===== THE DATA =====

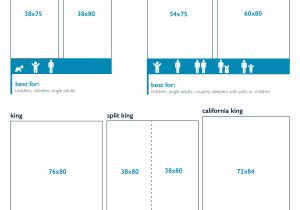 King Size Bed Dims Bed Size Dimensions Sleepopolis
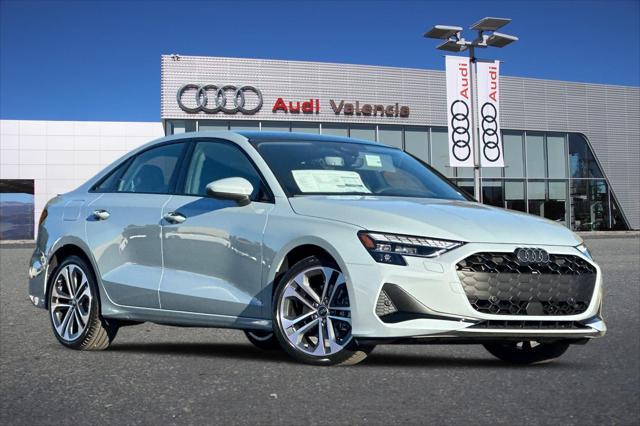 new 2025 Audi A3 car, priced at $43,540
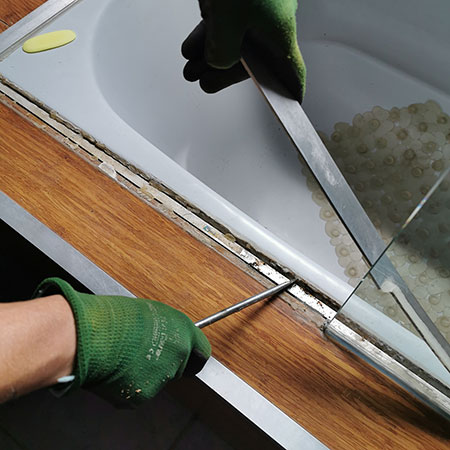 Dealing with Black Mould in the Bathroom
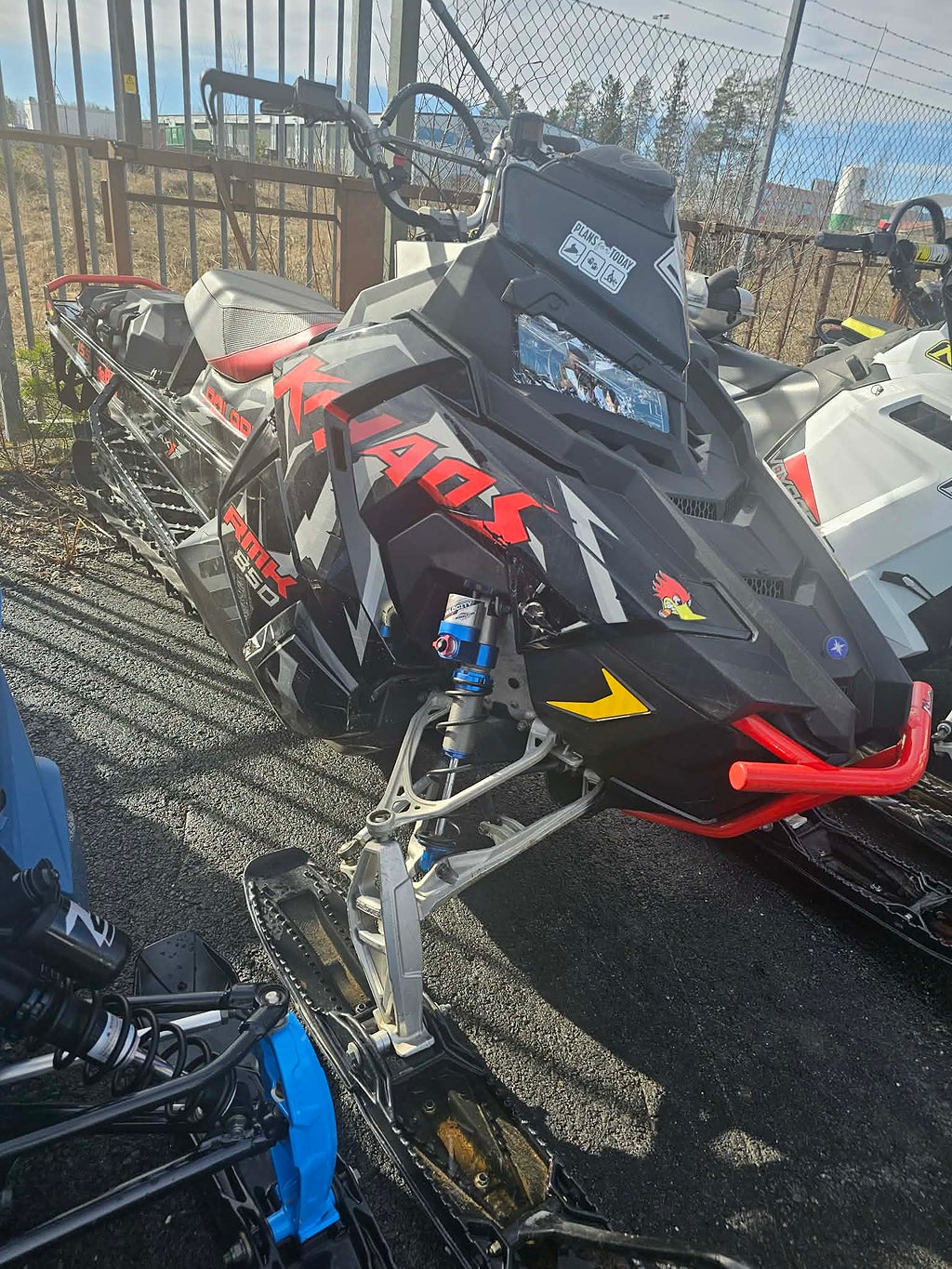 Polaris 850 RMK KHAOS 155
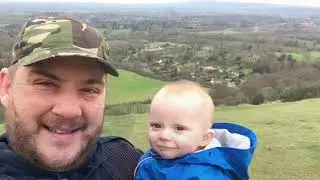 Hike at Reigate hill and colley hill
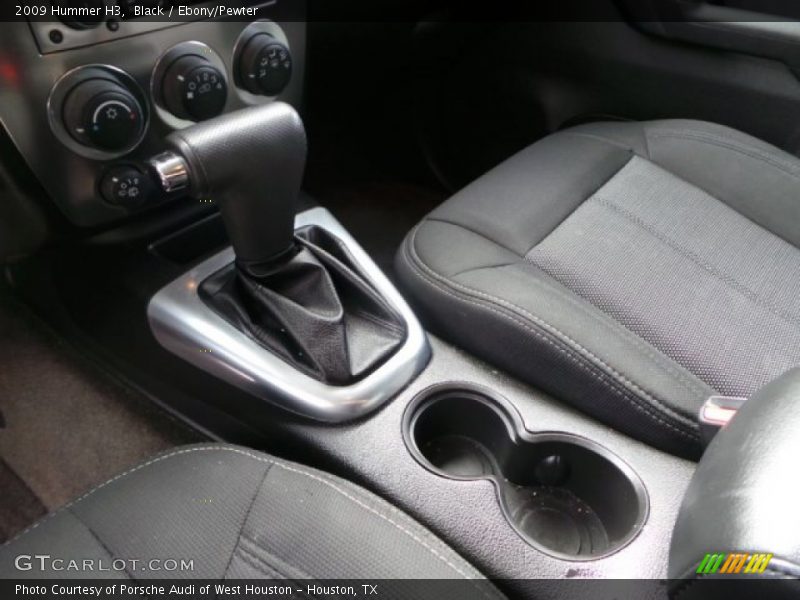 Black / Ebony/Pewter 2009 Hummer H3
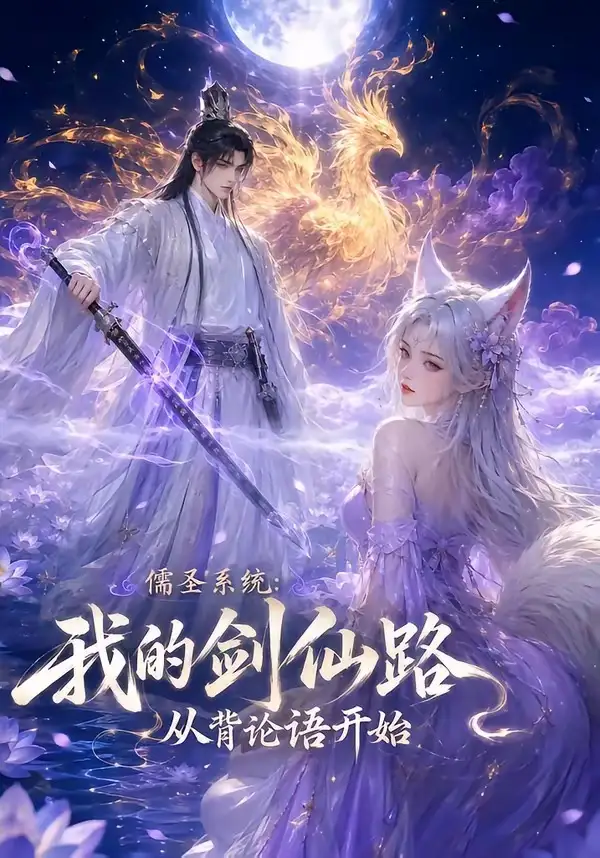 短剧《儒圣系统我的剑仙路从背论语开始 (100集)》海报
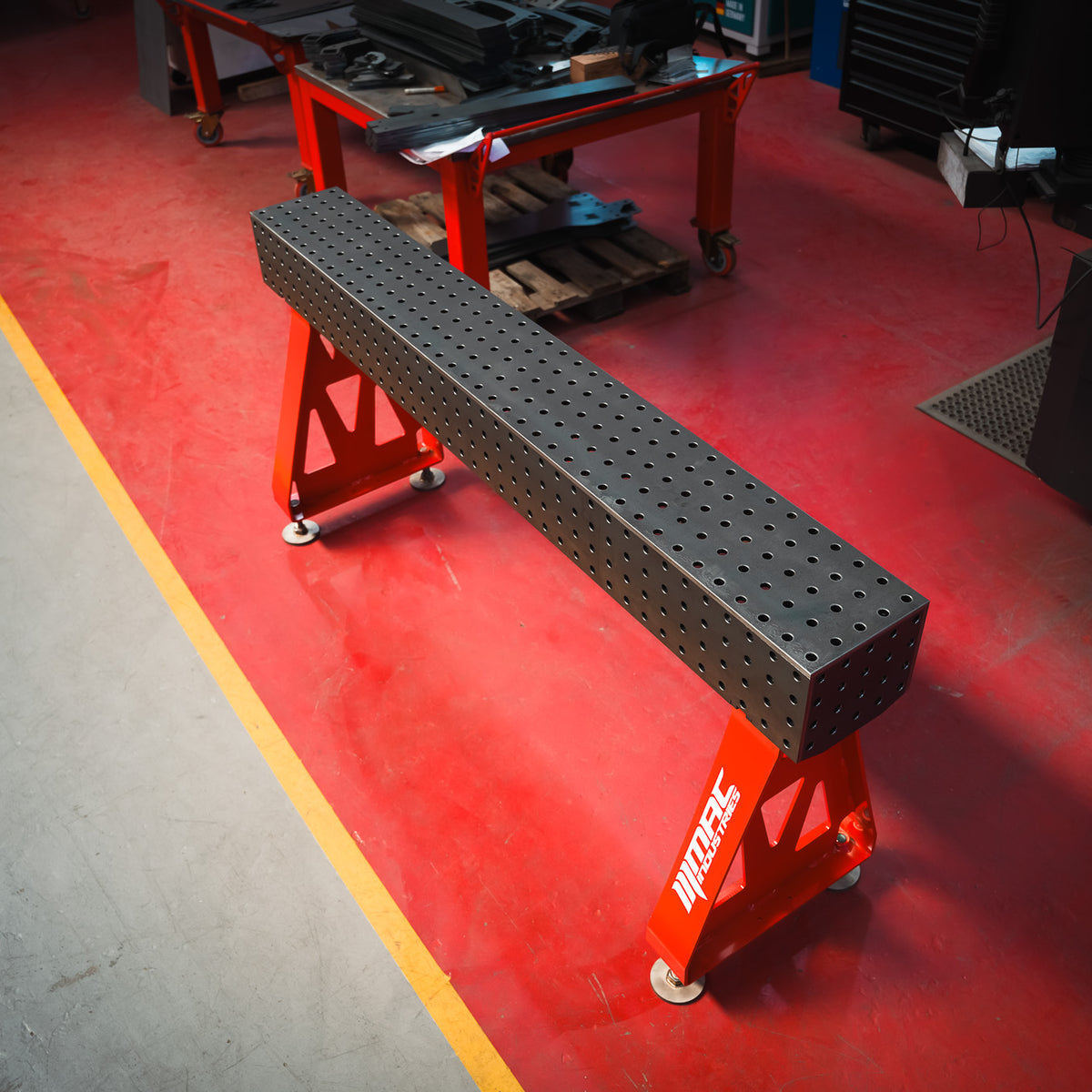 ULTRA - Fixture Welding Trestle Weld Table 2000mm x 250mm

=====

The last line of the entries marks the end, and the line with "Polaris 850 RMK KHAOS 155" marks the start. Output exactly those two lines and every line between them, nothing else, with the pictures left out.

[EXPECTED ANSWER]
 Polaris 850 RMK KHAOS 155
 Hike at Reigate hill and colley hill
 Black / Ebony/Pewter 2009 Hummer H3
 短剧《儒圣系统我的剑仙路从背论语开始 (100集)》海报
 ULTRA - Fixture Welding Trestle Weld Table 2000mm x 250mm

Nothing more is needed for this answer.